» Provided material:
---

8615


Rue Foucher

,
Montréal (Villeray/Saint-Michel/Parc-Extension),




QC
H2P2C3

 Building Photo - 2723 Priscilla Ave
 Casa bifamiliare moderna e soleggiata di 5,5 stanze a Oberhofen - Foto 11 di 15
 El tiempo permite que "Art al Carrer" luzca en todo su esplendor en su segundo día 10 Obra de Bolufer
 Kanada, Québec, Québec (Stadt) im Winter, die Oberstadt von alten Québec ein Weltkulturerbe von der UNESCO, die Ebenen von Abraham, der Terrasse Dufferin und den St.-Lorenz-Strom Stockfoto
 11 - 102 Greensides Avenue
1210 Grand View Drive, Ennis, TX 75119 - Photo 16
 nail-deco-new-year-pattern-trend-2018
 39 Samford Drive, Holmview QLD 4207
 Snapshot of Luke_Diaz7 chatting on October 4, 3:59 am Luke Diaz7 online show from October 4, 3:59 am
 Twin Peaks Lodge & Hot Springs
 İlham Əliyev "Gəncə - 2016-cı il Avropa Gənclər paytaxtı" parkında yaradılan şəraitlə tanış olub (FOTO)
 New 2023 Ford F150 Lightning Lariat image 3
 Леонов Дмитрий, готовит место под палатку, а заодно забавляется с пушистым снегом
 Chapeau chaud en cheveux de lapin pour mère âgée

---

» What you should do: Exactly and only the lines from the line containing "Casa bifamiliare moderna" through the last line of the entries should be copied, both ends included.

» Your solution:
 Casa bifamiliare moderna e soleggiata di 5,5 stanze a Oberhofen - Foto 11 di 15
 El tiempo permite que "Art al Carrer" luzca en todo su esplendor en su segundo día 10 Obra de Bolufer
 Kanada, Québec, Québec (Stadt) im Winter, die Oberstadt von alten Québec ein Weltkulturerbe von der UNESCO, die Ebenen von Abraham, der Terrasse Dufferin und den St.-Lorenz-Strom Stockfoto
 11 - 102 Greensides Avenue
1210 Grand View Drive, Ennis, TX 75119 - Photo 16
 nail-deco-new-year-pattern-trend-2018
 39 Samford Drive, Holmview QLD 4207
 Snapshot of Luke_Diaz7 chatting on October 4, 3:59 am Luke Diaz7 online show from October 4, 3:59 am
 Twin Peaks Lodge & Hot Springs
 İlham Əliyev "Gəncə - 2016-cı il Avropa Gənclər paytaxtı" parkında yaradılan şəraitlə tanış olub (FOTO)
 New 2023 Ford F150 Lightning Lariat image 3
 Леонов Дмитрий, готовит место под палатку, а заодно забавляется с пушистым снегом
 Chapeau chaud en cheveux de lapin pour mère âgée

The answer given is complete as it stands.